Identify all lines below that hold "Desk" and collect them.

::::::::

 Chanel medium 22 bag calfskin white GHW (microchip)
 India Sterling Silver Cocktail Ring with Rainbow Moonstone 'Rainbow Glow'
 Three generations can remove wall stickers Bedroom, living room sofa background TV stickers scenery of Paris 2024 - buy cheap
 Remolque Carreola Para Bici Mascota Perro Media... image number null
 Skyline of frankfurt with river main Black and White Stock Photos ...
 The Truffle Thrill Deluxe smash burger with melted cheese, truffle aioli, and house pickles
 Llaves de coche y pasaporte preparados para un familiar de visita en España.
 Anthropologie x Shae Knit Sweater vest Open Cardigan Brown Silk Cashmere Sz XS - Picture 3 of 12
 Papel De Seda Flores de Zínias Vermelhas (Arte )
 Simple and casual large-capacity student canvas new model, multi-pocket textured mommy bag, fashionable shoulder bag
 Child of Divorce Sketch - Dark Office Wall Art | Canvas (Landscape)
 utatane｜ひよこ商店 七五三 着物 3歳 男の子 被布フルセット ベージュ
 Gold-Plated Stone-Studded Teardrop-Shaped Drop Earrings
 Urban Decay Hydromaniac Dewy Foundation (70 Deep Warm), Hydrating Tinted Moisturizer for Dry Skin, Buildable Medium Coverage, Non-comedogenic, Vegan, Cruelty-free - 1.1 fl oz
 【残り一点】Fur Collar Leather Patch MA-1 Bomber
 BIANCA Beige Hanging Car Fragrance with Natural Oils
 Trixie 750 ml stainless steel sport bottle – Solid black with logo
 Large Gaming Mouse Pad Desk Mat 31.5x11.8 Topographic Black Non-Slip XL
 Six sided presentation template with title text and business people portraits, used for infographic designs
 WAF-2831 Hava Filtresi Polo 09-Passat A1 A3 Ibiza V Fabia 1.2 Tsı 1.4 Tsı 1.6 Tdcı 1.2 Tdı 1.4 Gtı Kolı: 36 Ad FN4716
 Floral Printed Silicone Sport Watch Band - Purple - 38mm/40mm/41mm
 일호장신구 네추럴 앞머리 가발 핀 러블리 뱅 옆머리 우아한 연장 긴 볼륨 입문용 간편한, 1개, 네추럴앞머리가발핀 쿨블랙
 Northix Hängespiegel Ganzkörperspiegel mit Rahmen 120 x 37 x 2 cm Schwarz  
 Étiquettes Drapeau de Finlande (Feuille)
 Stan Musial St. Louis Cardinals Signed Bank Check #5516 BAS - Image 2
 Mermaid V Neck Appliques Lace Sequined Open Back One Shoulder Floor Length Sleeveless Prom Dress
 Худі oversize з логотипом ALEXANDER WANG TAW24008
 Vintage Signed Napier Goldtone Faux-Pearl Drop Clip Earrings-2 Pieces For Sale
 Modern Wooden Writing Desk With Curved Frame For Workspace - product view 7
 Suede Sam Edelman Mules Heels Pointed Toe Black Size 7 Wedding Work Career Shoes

::::::::

[EXERCISE ANSWER]
 Large Gaming Mouse Pad Desk Mat 31.5x11.8 Topographic Black Non-Slip XL
 Modern Wooden Writing Desk With Curved Frame For Workspace - product view 7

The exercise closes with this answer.